The review found a system in need. The to-do list includes roof repairs, electrical upgrades, HVAC work, sidewalk repairs and exterior and interior painting. Of the 33 branches owned by the library:
- Ten are between 85 and 112 years old, and three of these -- Walnut Hills, Price Hill and Madisonville -- have never been renovated.
- Another 10 are between 44 and 58 years old, and seven of those have never been renovated.
- Three are not accessible, according to the regulations of the Americans with Disabilities Act, and three more are not fully accessible.
State funding cuts forced the library system to defer maintenance for nearly a decade, until 2009, when a local levy was passed, said Executive Director Kim Fender. The 2017 annual budget is about $60 million, including $2 million for building and repairs. At that rate of funding, the full list of needed repairs and renovations will take 27 years to complete.
The branches are well-used and well-loved by the communities, Fender said. Cincinnati's library is the fifth busiest in the country, and the system averages 20 transactions per square foot. As funding has been available, Fender said the system has tried to catch up on maintenance to make the buildings match the services, recently completing renovations at the St. Bernard, Clifton and Reading branches.
“We'd like to have all 40 (branches) look like those libraries,” Fender said.
The facilities review also found the Main Library, spread as it is over two buildings, was inefficient for both library patrons and library services, said Molly DeFosse, chief finance and facilities officer.

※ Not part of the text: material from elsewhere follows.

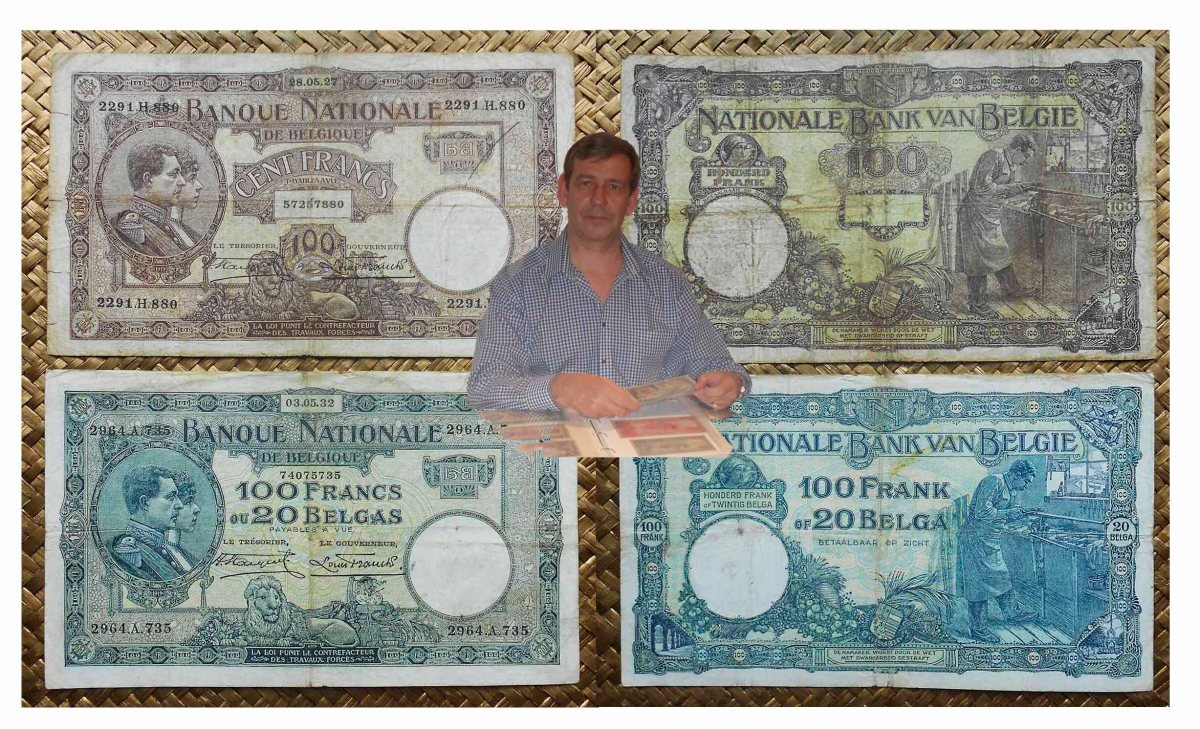 BÉLGICA 100 francos 1927 vs. 100 francos/20 belgas&nbsp;1932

The children's library is on the first floor of the north building, for example, while the popular library of books, movies and other items is on the first floor of the south building. Families wanting to visit both have to cross an outside courtyard or go up a floor to take the indoor skywalk between the two.
Meanwhile, the library's loading docks aren't tall enough for semi-trucks, which means trucks are blocking traffic while everything is unloaded in the street.
Consolidating all patron services into the south building and creating a real operations center -- a building with right-sized loading docks and space designed for materials processing and shipping -- would mean reduced operating costs, more efficient back-of-house operations and better customer experience, DeFosse said. Everything that patrons use, from books and computers to the popular Makerspace, will fit in the south building; operations could be done anywhere in the region.
“When people hear 'consolidation,' they often think that means cuts to services or the collection. That is not the case,” Fender said. “We don't plan to reduce those. In fact, we think these changes could enhance services.”
The south building is 400,000 square feet, while the north building is 150,000 square feet. DeFosse estimates an operations center would require between 75,000 and 100,000 square feet. The library is exploring the consolidation option now, including whether to sell the north building, which could help provide funding for the deferred maintenance plan.
“If we could sell the north building, for any amount of money, that would give us something to work with,” Fender said.
Small, high-priority repairs to the branches are planned for 2017, DeFosse said, while the larger facilities plan and funding are sorted out. Fender and DeFosse said they expect to have a decision about the operations center and the fate of the north building later this year. That decision will allow them to determine priorities and timelines for the consolidation of the Main Library, assuming it happens, and branch repairs and renovations.
“It has to be done in a sequence,” Fender said. “It's a big undertaking.”